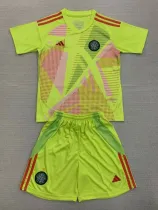 24/25  Celtic Light Green Goalkeeper Kids Soccer Jersey(儿童）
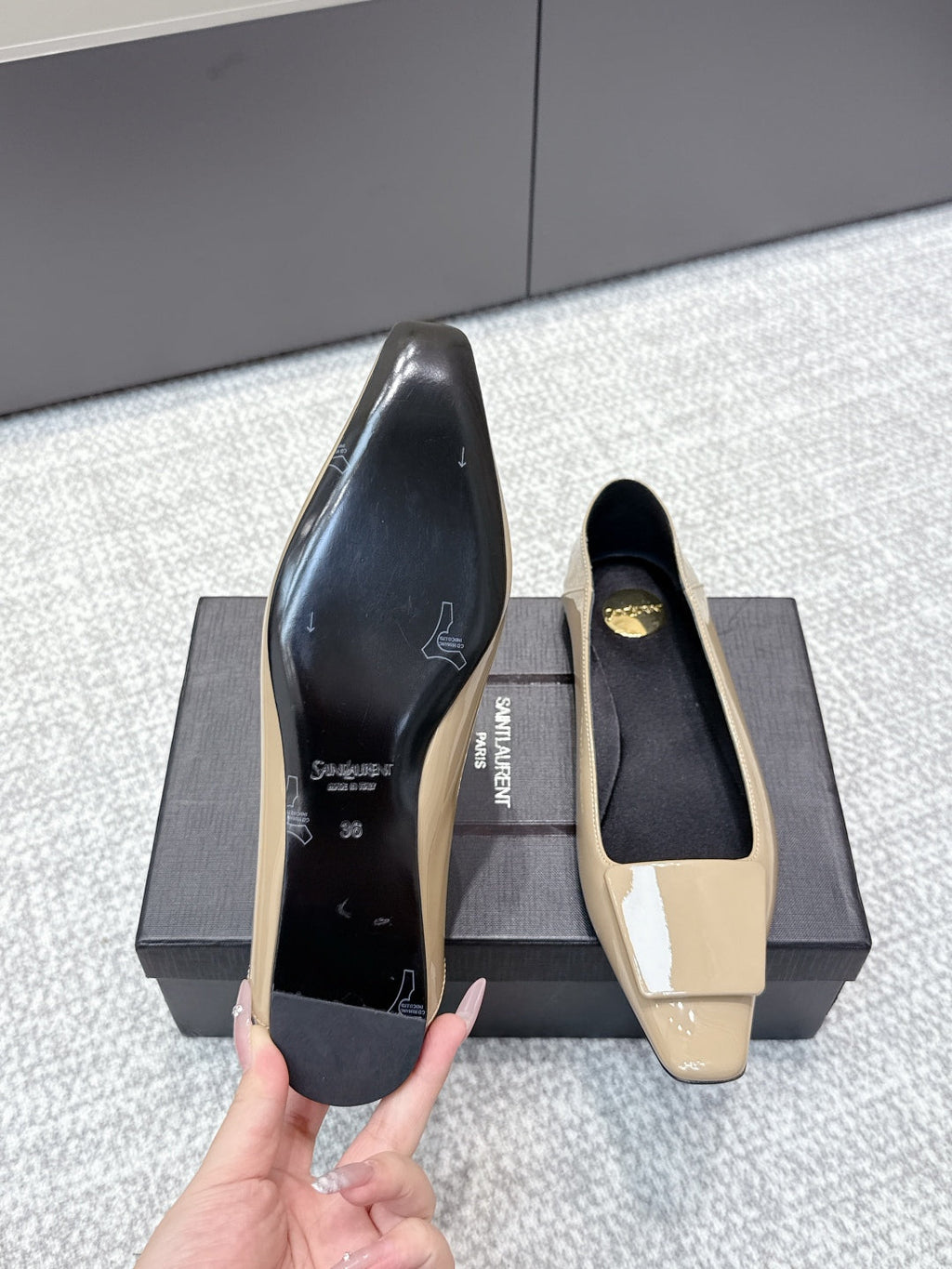YSL 25S FLAT SHOES IN DARK BEIGE LAMBSKIN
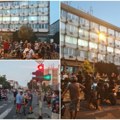 Blokirana raskrsnica Kraljevića Marka i Kralja Petra i protesti u Novom Sadu Blokaderi i bajkeri ispred zgrade MUP-a (video)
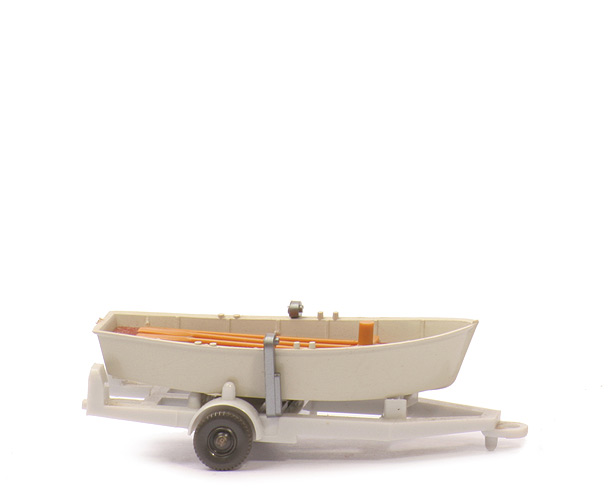 Ruderboot auf Anhänger - Boot perlweiß, Sitze weinrot , Anhänger altweiß - 94/1b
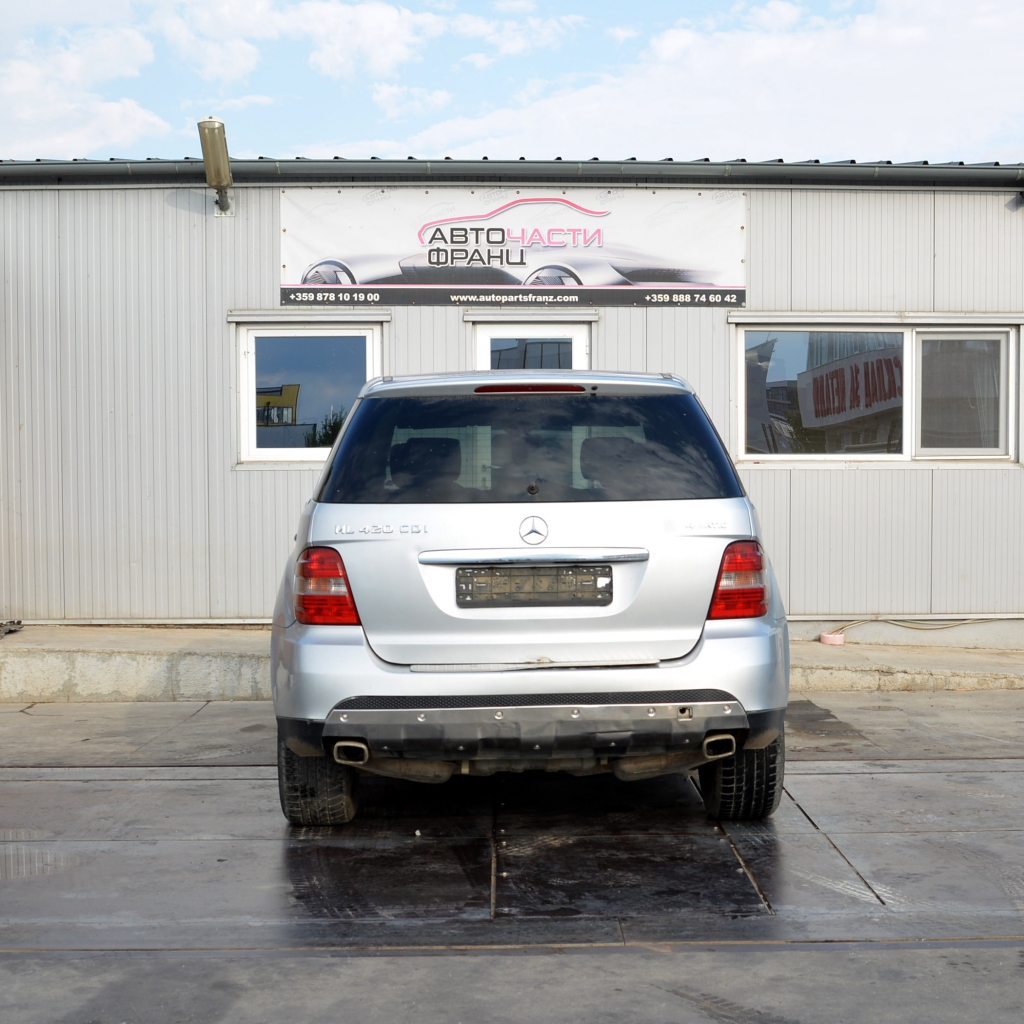 Mercedes ML W164 4.0 CDI 225 киловата 306 конски сили. Код на мотора 629912. 18 цолови джанти.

• [Assignment]:
Copy every entry exactly; drop the pictures.

• [Exercise solution]:
 24/25  Celtic Light Green Goalkeeper Kids Soccer Jersey(儿童）
YSL 25S FLAT SHOES IN DARK BEIGE LAMBSKIN
 Blokirana raskrsnica Kraljevića Marka i Kralja Petra i protesti u Novom Sadu Blokaderi i bajkeri ispred zgrade MUP-a (video)
 Ruderboot auf Anhänger - Boot perlweiß, Sitze weinrot , Anhänger altweiß - 94/1b
 Mercedes ML W164 4.0 CDI 225 киловата 306 конски сили. Код на мотора 629912. 18 цолови джанти.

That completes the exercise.